STAND UP is designed to mobilize parents, teachers, principals, community leaders, concerned citizens, business leaders, policymakers and philanthropists to become part of the solution. The STAND UP Web site (www.standup.org) provides valuable information and resources to help make sure high schools are serving all students well.
The Woodrow Wilson Foundation has joined STAND UP to help bring attention to the efforts of its 14 Early College High Schools, as well as its range of school-university partnership initiatives. These programs bring to bear the resources of institutions of higher education—leading research universities, historically black institutions, and top liberal arts colleges—as well as highly committed local schools.

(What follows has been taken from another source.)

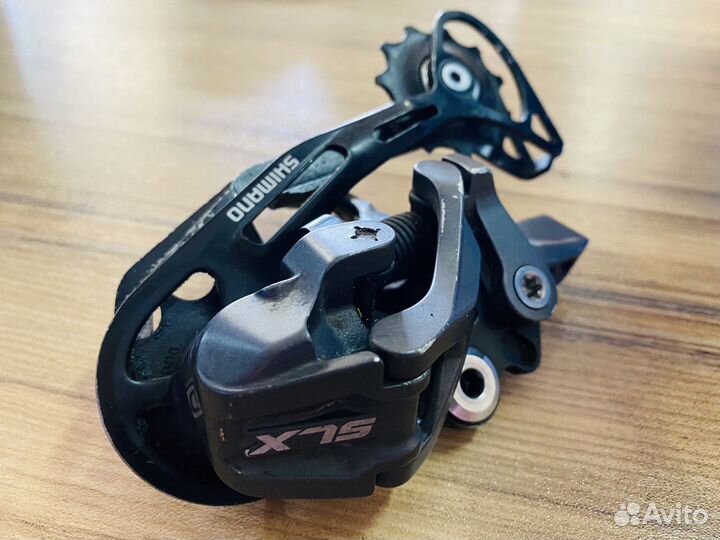 Переключатель Shimano SLX для велосипеда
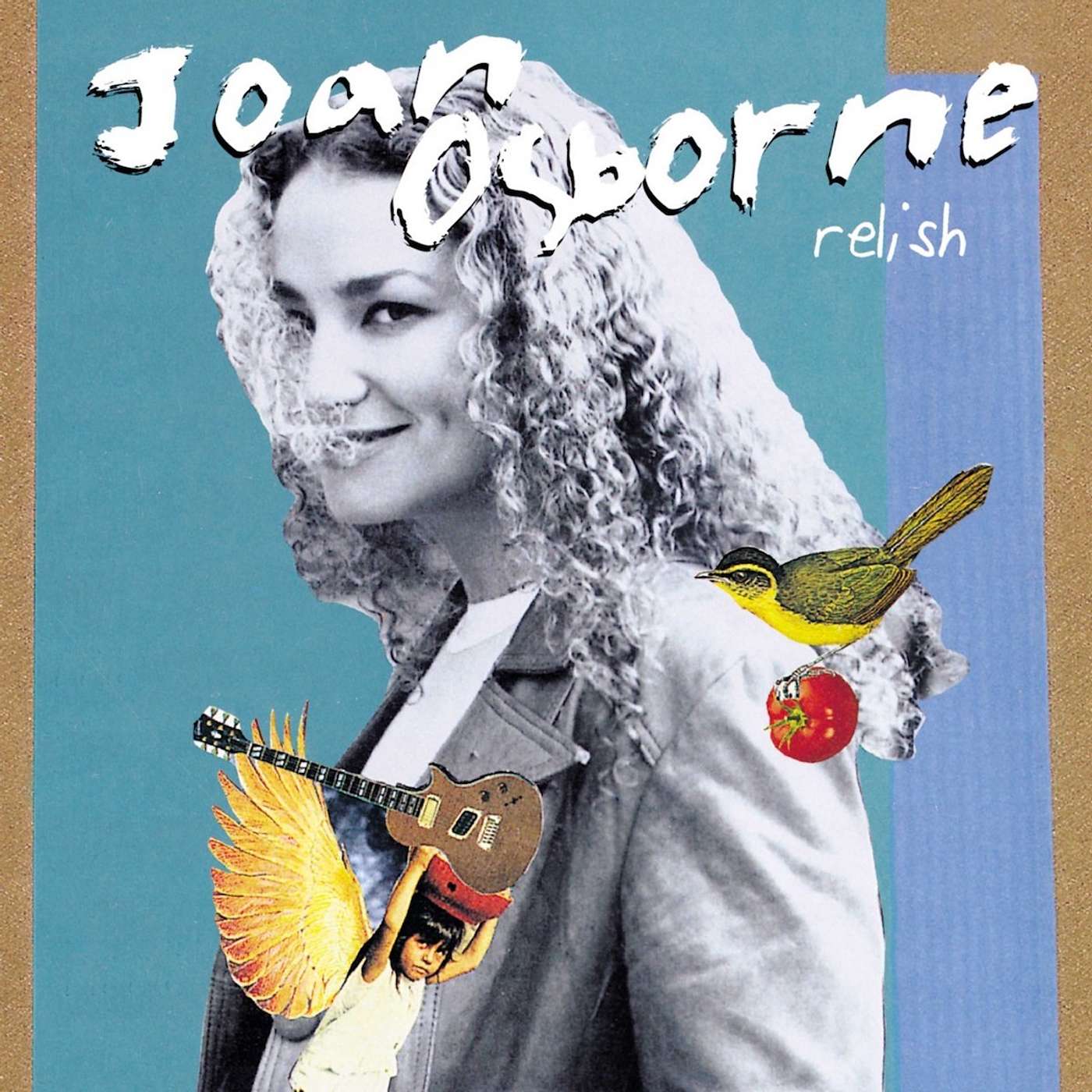 Joan Osborne - Midwest Mixtape Podcast episode artwork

These partners work to bring academic rigor and strong teacher preparation to schools in communities that serve primarily low-income students and first-generation college-goers.

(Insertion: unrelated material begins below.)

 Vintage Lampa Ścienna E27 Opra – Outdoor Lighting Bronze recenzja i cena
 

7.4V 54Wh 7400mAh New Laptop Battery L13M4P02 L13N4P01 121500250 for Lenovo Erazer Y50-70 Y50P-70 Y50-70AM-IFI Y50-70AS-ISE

As a new Time/The Oprah Winfrey Show poll reveals, Americans are increasingly troubled by the state of the nation’s high schools. Nine in ten adults in the survey called the dropout rate a serious problem. In the states where Woodrow Wilson’s school-university partnerships are working, as many as one-third of all students—indeed, as many as six in ten of all African-American students and two-thirds of all Hispanic students—do not graduate. Those who do graduate need more education than their grandparents just to maintain the same standard of living, yet only one in three ninth-graders actually leaves high school in four years ready for the rigors of college and the working world.
“Woodrow Wilson’s Early College approach is all about opening doors to bachelor’s degrees for kids from underserved communities. The students in these early colleges are learning to see a four-year degree as a real possibility—in fact, a goal,” said Robert J. Baird, the Foundation’s vice president for school-university partnerships. “We’re preparing students not just to enroll in college, but to succeed in college. This is the key to productive lives and careers for students who have too rarely had opportunities to stretch, to excel.”

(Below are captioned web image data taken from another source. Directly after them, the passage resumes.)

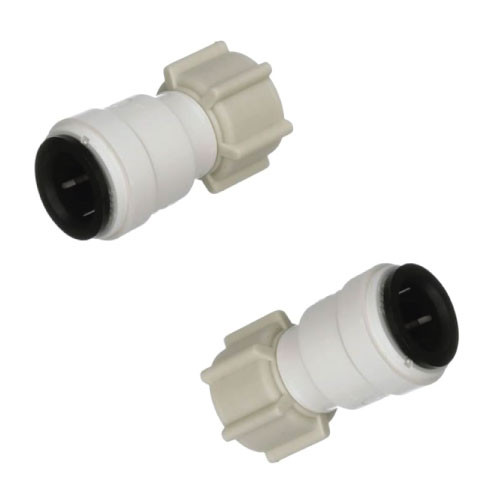 1/2 AquaLock Push-On Fittings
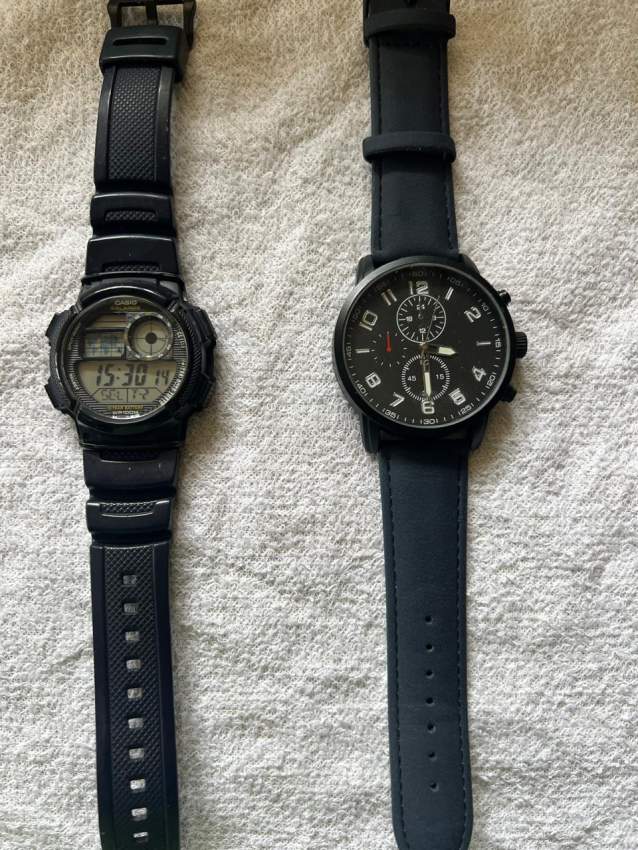 Men's watches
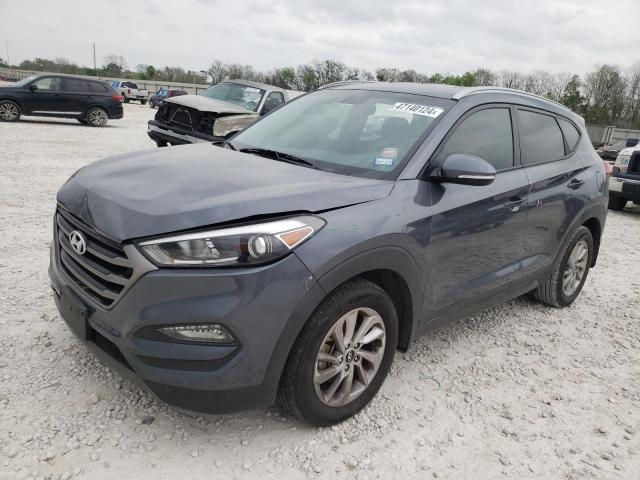 2016 HYUNDAI TUCSON LIMITED, 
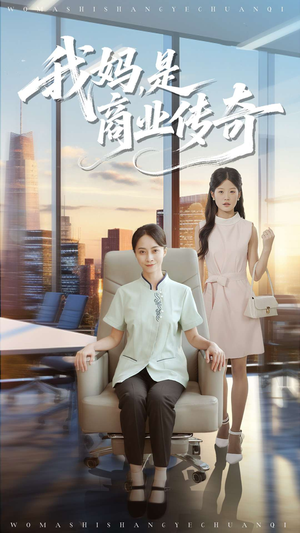 我妈是商业传奇（50集）红果免费看短剧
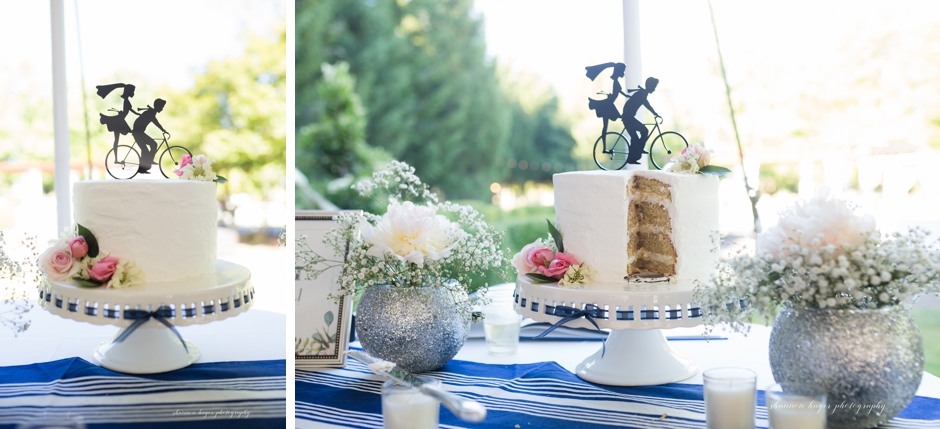 portland wedding photographer, outdoor summer wedding at water oasis, shannon hager photography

STAND UP builds on the growing momentum around high school reform. The STAND UP Web site provides information about the state of the nation’s high schools and offers specific ways for people to become a part of the solution. Visitors to the Web site can:
- Send an email urging governors to support high schools that serve all students well;
- Download a parent toolkit, which provides information and tips about how to make a difference in a teenager’s education;
- Download a community action toolkit, which provides information and guidance on how to mobilize a community for change; and
- Purchase a unique, wearable STAND UP medallion to show support for the hopes and dreams of the nation’s young people. (Proceeds from the sales of the medallion will go to a new fund, the STAND UP Scholarship Fund.)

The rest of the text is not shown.